Your objective:
Each line below should be retyped exactly, with no pictures.

Information provided:
====================

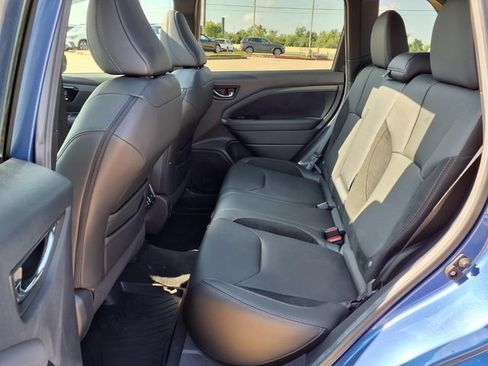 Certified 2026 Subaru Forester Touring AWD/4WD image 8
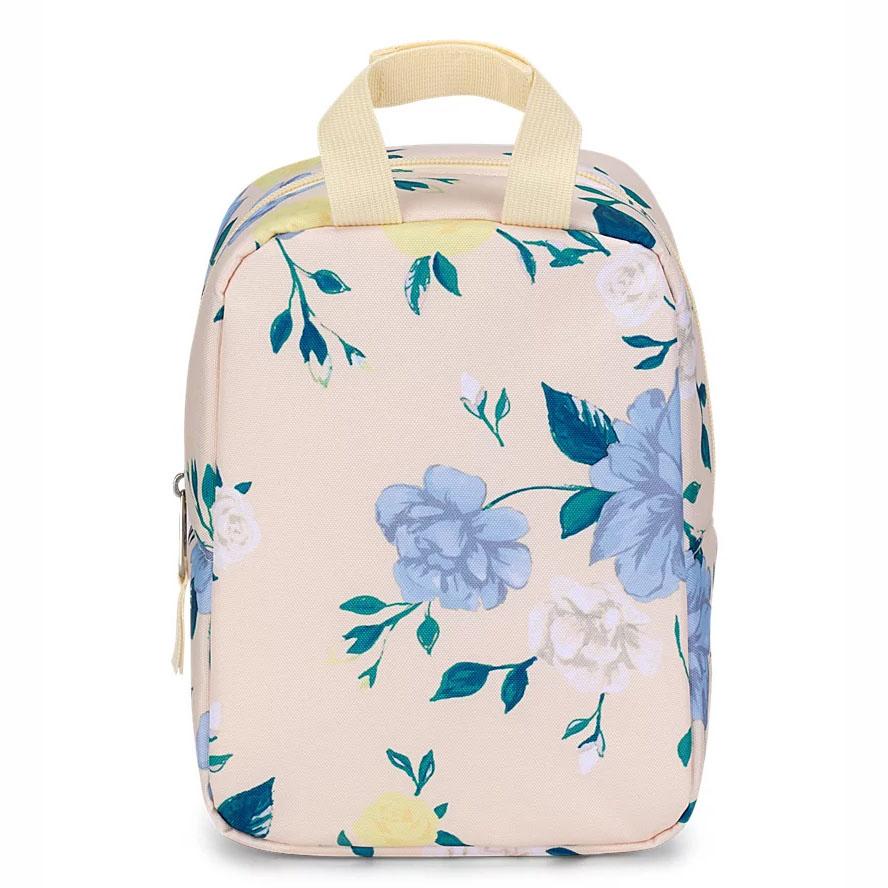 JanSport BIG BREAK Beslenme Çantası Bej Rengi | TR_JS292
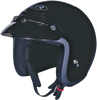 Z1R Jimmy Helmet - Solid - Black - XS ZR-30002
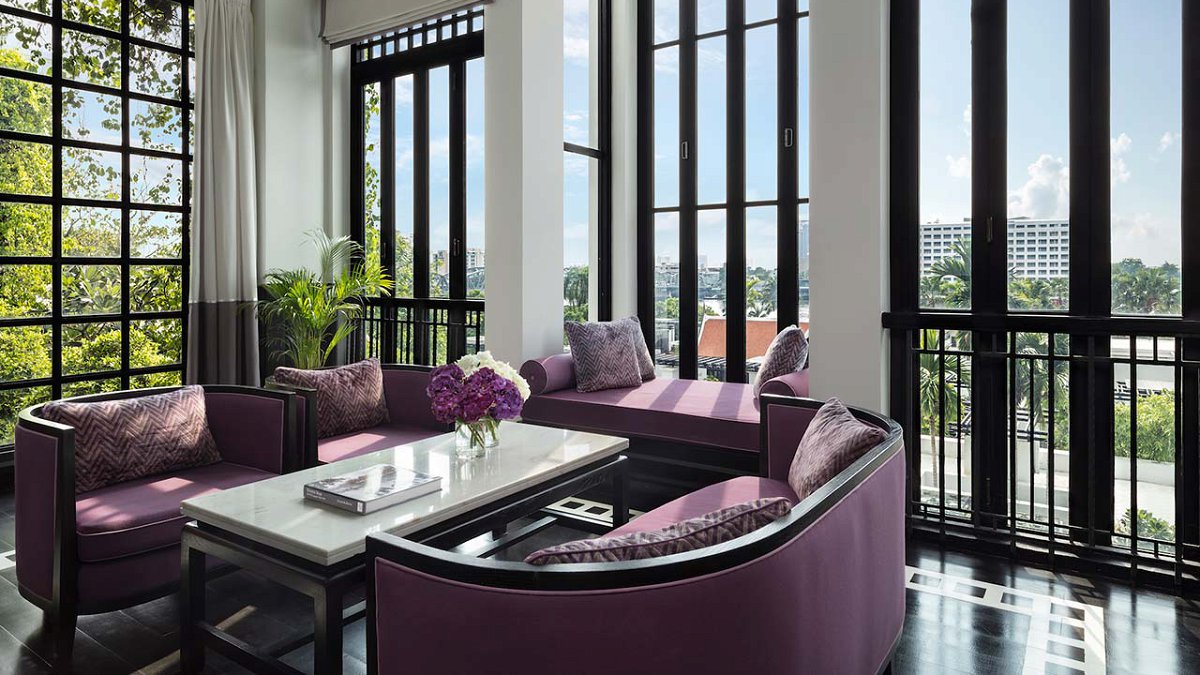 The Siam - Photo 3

====================

Response area:
 Certified 2026 Subaru Forester Touring AWD/4WD image 8
 JanSport BIG BREAK Beslenme Çantası Bej Rengi | TR_JS292
 Z1R Jimmy Helmet - Solid - Black - XS ZR-30002
 The Siam - Photo 3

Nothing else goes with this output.